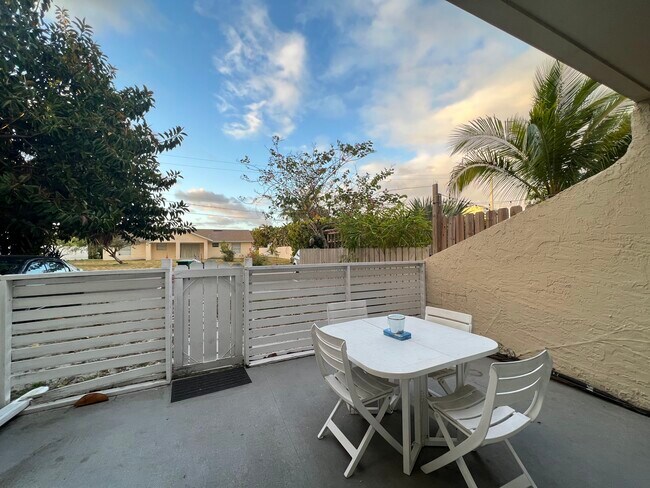 Foto del edificio - 1008 Shorewinds Dr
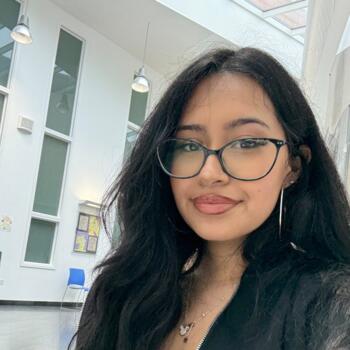 Babysitter in London: Aiyana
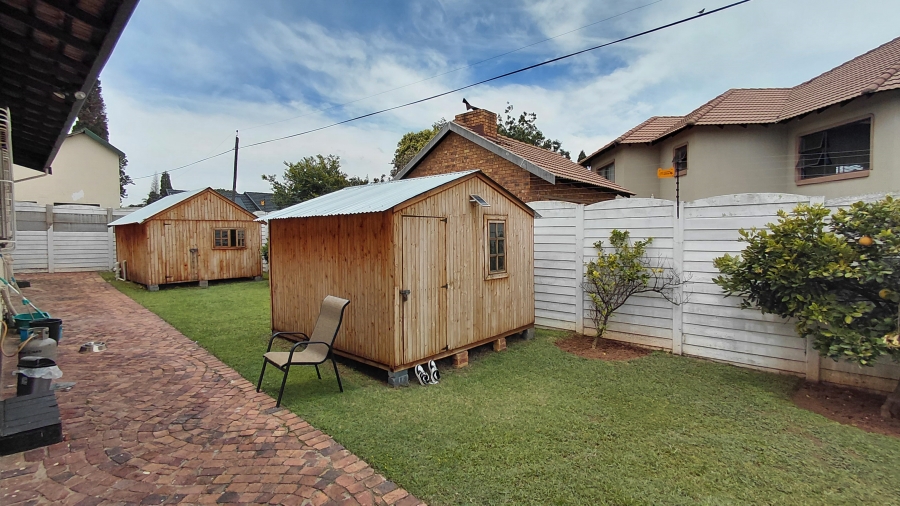 6 Bedroom Property for Sale in Atlasville Gauteng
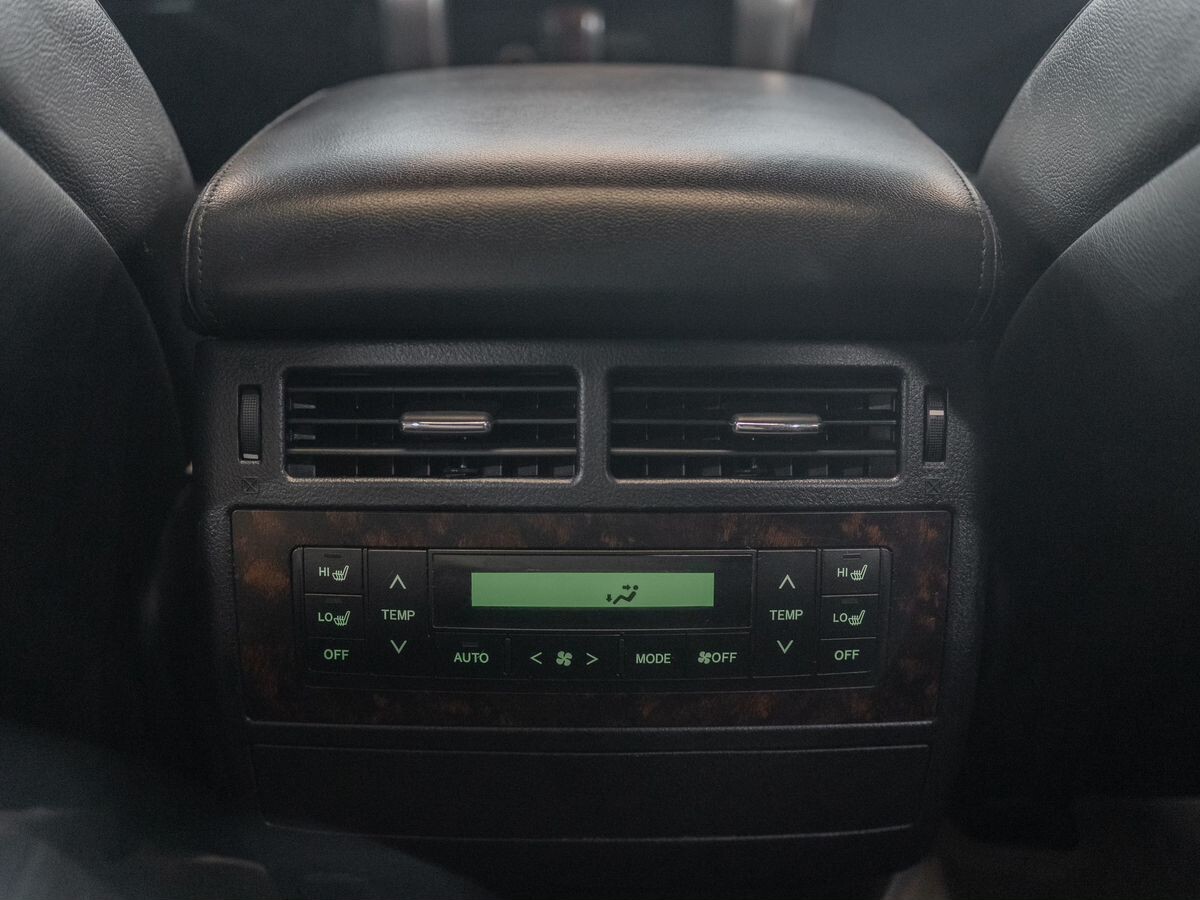 Toyota Land Cruiser 2013 - фото автомобиля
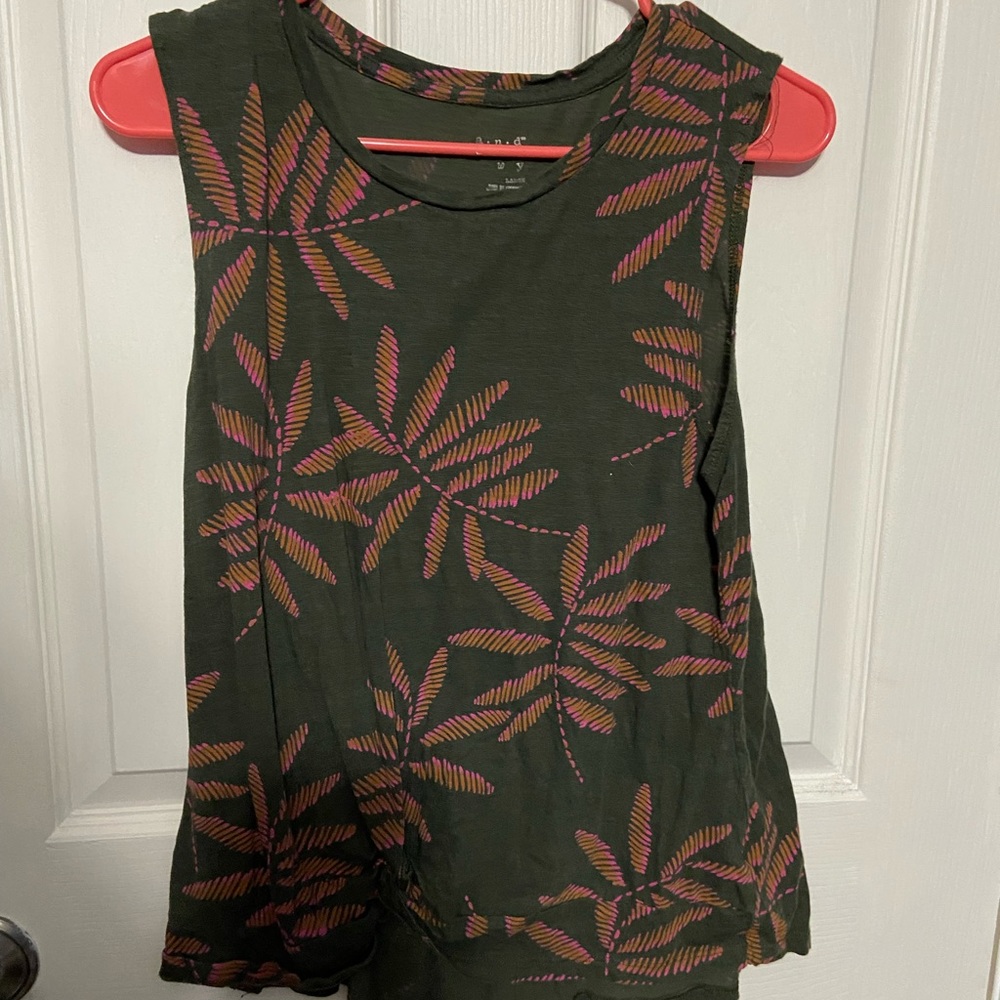 Twisted Knot Tank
————————
EXERCISE DIRECTIONS => What is needed is a word-for-word repeat of every line from the line with "Babysitter in London: Aiyana" to the end of the entries above; leave out the pictures.

ANSWER SECTION =>
 Babysitter in London: Aiyana
 6 Bedroom Property for Sale in Atlasville Gauteng
 Toyota Land Cruiser 2013 - фото автомобиля
 Twisted Knot Tank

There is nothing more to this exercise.